Your goal :: Only the lines from the one with "Cuisine moderne aménagée" to the end of the data below should be given again, exactly, with both ends included and pictures omitted.

Dataset excerpt ::

--- START ---

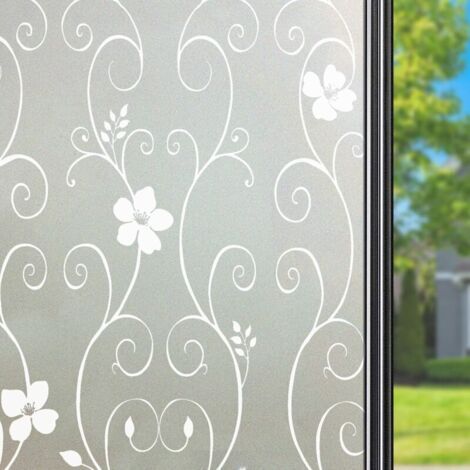 Film Fenetre Anti Regard Adhesif pour Vitre Brise Vue Electrostatique Vitre Film Opaque Vitrage Film décoratif pour fenêtre, Anti-UV 40 x 200 cm, Fleur Blanche (1/5)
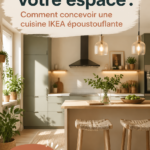 Cuisine moderne aménagée avec des meubles IKEA, mettant en avant un style chaleureux et pratique.
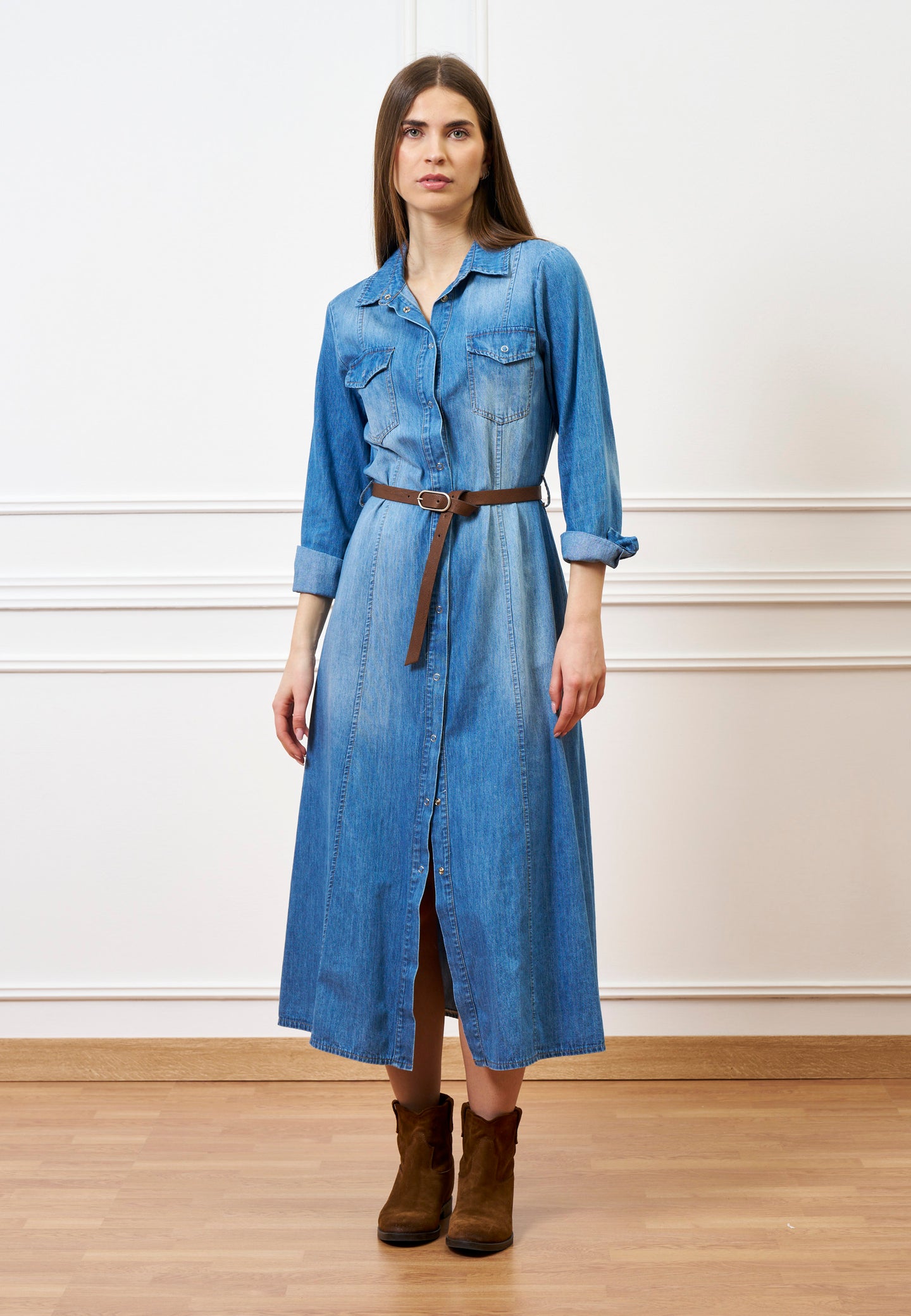 Vestito lungo in jeans - BLU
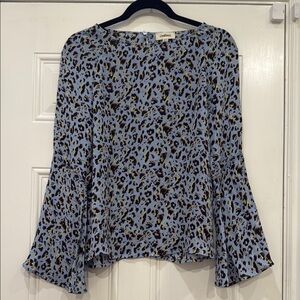 L'AGENCE Blue and Black Bell Sleeve Blouse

--- END ---

Solution to this problem ::
 Cuisine moderne aménagée avec des meubles IKEA, mettant en avant un style chaleureux et pratique.
 Vestito lungo in jeans - BLU
 L'AGENCE Blue and Black Bell Sleeve Blouse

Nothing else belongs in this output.